(Input begins)

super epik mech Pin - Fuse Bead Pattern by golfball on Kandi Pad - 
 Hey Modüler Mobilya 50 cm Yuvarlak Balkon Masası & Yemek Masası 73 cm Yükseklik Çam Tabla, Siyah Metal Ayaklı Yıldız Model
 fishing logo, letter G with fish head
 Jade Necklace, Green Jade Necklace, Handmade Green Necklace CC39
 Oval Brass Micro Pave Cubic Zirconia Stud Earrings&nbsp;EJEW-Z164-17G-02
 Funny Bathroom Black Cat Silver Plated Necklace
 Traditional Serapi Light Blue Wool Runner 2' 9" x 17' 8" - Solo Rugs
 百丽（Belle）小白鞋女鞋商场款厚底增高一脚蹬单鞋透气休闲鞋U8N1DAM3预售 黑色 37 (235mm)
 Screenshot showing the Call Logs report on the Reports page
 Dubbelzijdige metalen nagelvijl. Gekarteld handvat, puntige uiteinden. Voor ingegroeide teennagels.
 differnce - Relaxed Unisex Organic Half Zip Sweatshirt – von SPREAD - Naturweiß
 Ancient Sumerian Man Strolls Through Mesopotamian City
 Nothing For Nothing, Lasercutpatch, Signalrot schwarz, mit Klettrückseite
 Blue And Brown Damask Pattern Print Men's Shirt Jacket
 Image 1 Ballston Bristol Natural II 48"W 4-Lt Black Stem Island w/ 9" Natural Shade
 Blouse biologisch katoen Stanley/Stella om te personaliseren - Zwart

(Input ends)

What is required: Your task is an exact transcription of every line above.

Exercise answer:
super epik mech Pin - Fuse Bead Pattern by golfball on Kandi Pad - 
 Hey Modüler Mobilya 50 cm Yuvarlak Balkon Masası & Yemek Masası 73 cm Yükseklik Çam Tabla, Siyah Metal Ayaklı Yıldız Model
 fishing logo, letter G with fish head
 Jade Necklace, Green Jade Necklace, Handmade Green Necklace CC39
 Oval Brass Micro Pave Cubic Zirconia Stud Earrings&nbsp;EJEW-Z164-17G-02
 Funny Bathroom Black Cat Silver Plated Necklace
 Traditional Serapi Light Blue Wool Runner 2' 9" x 17' 8" - Solo Rugs
 百丽（Belle）小白鞋女鞋商场款厚底增高一脚蹬单鞋透气休闲鞋U8N1DAM3预售 黑色 37 (235mm)
 Screenshot showing the Call Logs report on the Reports page
 Dubbelzijdige metalen nagelvijl. Gekarteld handvat, puntige uiteinden. Voor ingegroeide teennagels.
 differnce - Relaxed Unisex Organic Half Zip Sweatshirt – von SPREAD - Naturweiß
 Ancient Sumerian Man Strolls Through Mesopotamian City
 Nothing For Nothing, Lasercutpatch, Signalrot schwarz, mit Klettrückseite
 Blue And Brown Damask Pattern Print Men's Shirt Jacket
 Image 1 Ballston Bristol Natural II 48"W 4-Lt Black Stem Island w/ 9" Natural Shade
 Blouse biologisch katoen Stanley/Stella om te personaliseren - Zwart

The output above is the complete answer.